In a bout of home-state devotion last month, the New York Times editorialized rather firmly against the hint of a proposal to cap the federal deduction for state and local taxes. The paper was upfront that New York, along with several other high-tax East Coast states, would lose big from any such cap.
The state and local tax deduction, the Times argued, is a subsidy from the federal government to states and cities that yes, taxes their citizens quite a bit, but does so in order to provide better services. Removing the deduction would force these states either to cut services or raise taxes themselves.
While this bit of reasoning is well accepted, not everyone agrees that the state and local deduction is such a blessing. James Kwak of The Baseline Scenario blog, for instance, notes that the deduction doesn’t affect all taxpayers equally:
It mainly benefits rich people because poor people tend not to itemize their deductions. (Their deductions aren’t big enough to be worth itemizing.) Since state taxes are not very progressive to begin with, this makes them even less progressive, or even regressive… In addition, rich towns get bigger subsidies than poor towns, simply because they have higher property values and hence people pay higher property taxes. If Greenwich, Conn. needs more money for its schools, it can increase property taxes. Residents might grumble, but they know that for every $2 they pay, the federal government is kicking in $1. In Hartford, Conn., not so much.
But it turns out that the story of the state and local tax deduction is quite a bit more complicated than either the Times or Kwak imply.
First, while everyone agrees that the deduction amounts to a subsidy from the federal government to states and cities, no one really agrees on why it exists.
In essence, one side argues that state and local taxpayers shouldn’t receive a tax break on income that they use to “pay” for local public goods — such as roads, health services and education — any more than they should receive a tax break for any other good they purchase. The other side argues that state and local taxes don’t equal the benefits for individual taxpayers: Some taxpayers pay more and receive less, others pay less and receive more. (This is the frightening phenomenon known as “redistribution.”) Under this view, deductibility makes sense because state and local taxes reduce a taxpayer’s ability to consume.
But beyond arguing about the motivation for tax deductibility, it isn’t entirely clear that the state and local tax deduction is strictly pro-rich, as Kwak implies.
No one disagrees that the deduction’s impact on federal taxes is regressive: The wealthy benefit more from the deduction because they are more likely to itemize their taxes and because a higher income makes the deduction worth more. The effect of removing the deduction, shown in the chart below, makes this abundantly clear: The top 1 percent of income earners would see a mean tax increase of more than $14,000.

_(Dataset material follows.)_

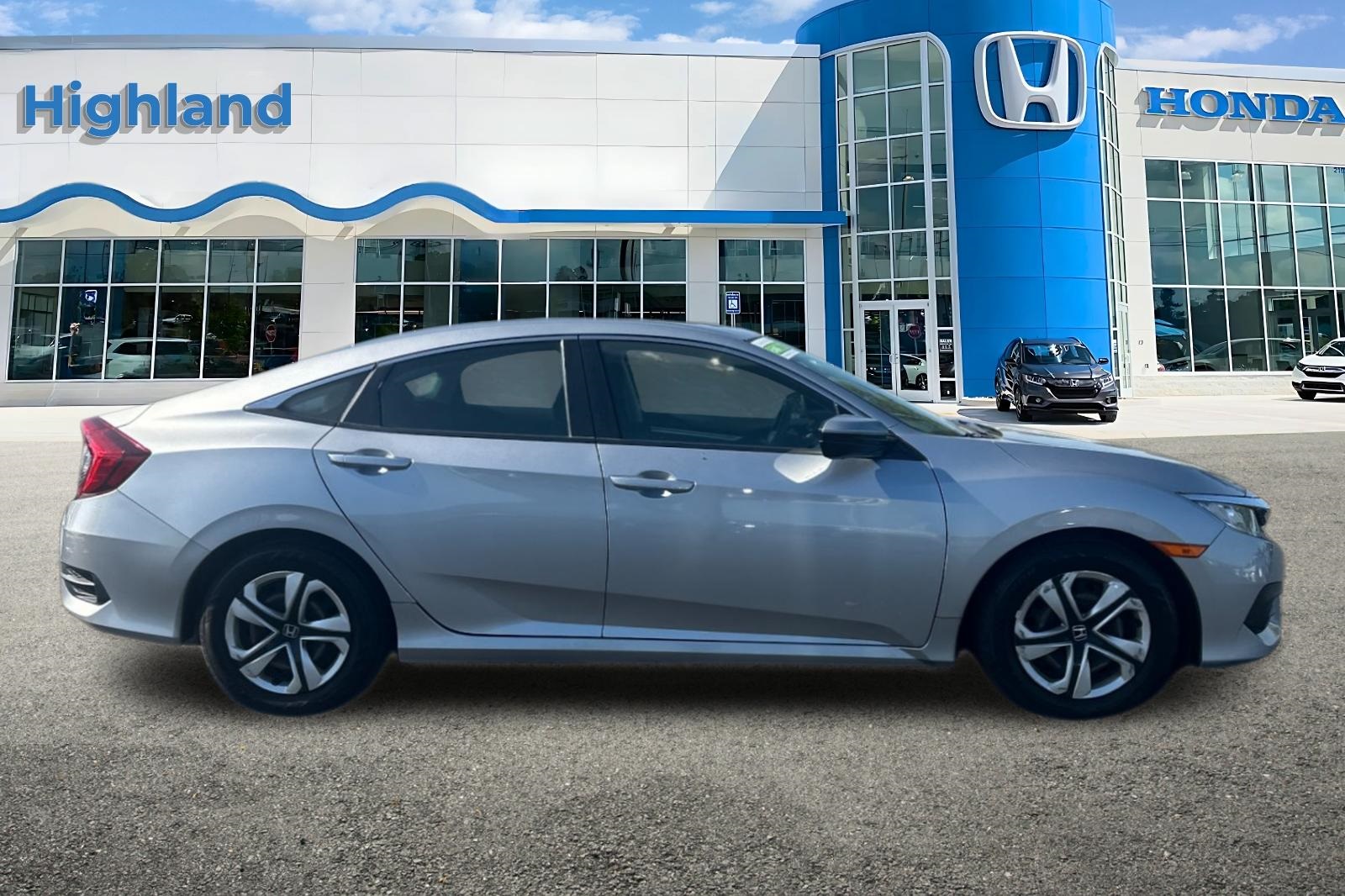 2018 Honda Civic LX photo 6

Source: Adapted from Metcalf
But the story doesn’t end there. State and local governments are quite aware that the taxes they raise are deductible from federal income taxes. Thus, state and local governments have an incentive to hike taxes on wealthy taxpayers, who will shrug off the increase because they can deduct it from their federal tax burden, as opposed to hiking them on poorer taxpayers, who are less likely to itemize and so more likely to be harmed by the increase. This should have the effect of increasing the tax burden on wealthy taxpayers at the state and local level.

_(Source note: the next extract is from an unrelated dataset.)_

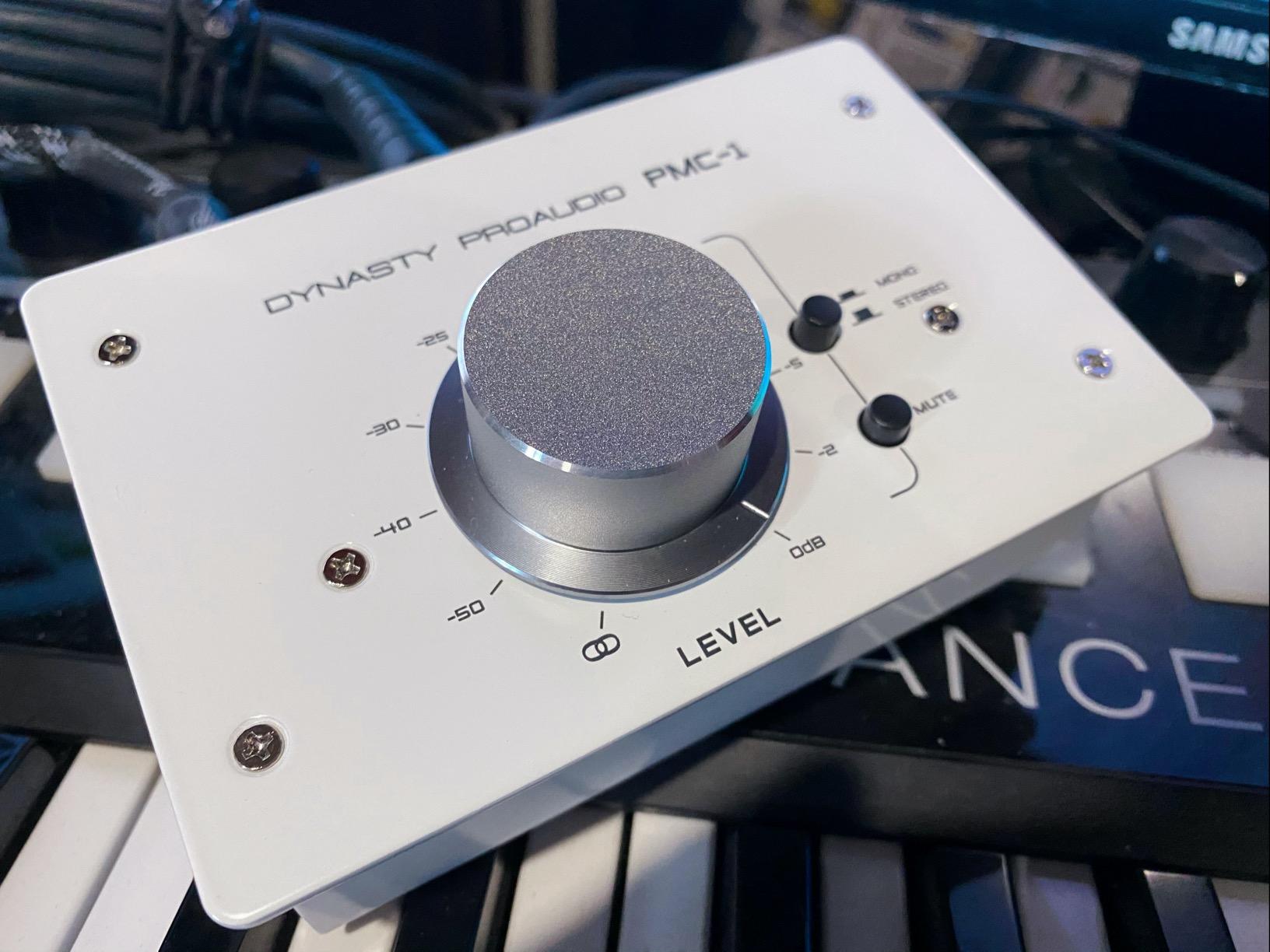 DYNASTY PROAUDIO PMC-1 Premium Passive Stereo Monitor Volume Controller With Large Volume Knob For Extremely Precise Level Adjustments customer photo 2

In fact, recent research suggests that state and local deductibility makes state and local taxes more progressive while still making federal taxes less so. One study estimates that the effect is significant:
Deductibility of state and local taxes has an economically important influence on subnational tax progressivity. A five percentage point increase in the percentage itemizing (about 16 percent) would increase net progressivity by six percentage points, or about ten percent. The magnitude of the effect implies that eliminating or curtailing the deductibility of state and local taxes would substantially reduce the progressivity of subnational tax systems.
It’s important to note here that state and local taxes are already incredibly regressive, as I wrote about in a previous post.
But it’s also important to note that Kwak’s assertion that deductibility is a much better deal for Greenwich than it is for Hartford remains true: The incentive for state and local jurisdictions to make their tax codes more progressive is strongest in places where decoupling taxes paid from benefits earned — that nasty thing known as redistribution that helps fund the health and education programs the Times is so concerned about — is of least concern. Deductibility might lead to more progressivity in all the wrong places.
Along with this significant wart, deductibility for state and local taxes is also an awfully blunt way to subsidize state and local governments, since he federal government has no control over what the subsidy is spent on. Plus, deductibility is pro-cyclical: The value of the subsidy lessens as state and local tax revenue declines when the economy gets tight.
The case for keeping the state and local tax deduction isn’t nearly as straightforward as the Times editorial makes it out to be. But getting rid of it isn’t costless either.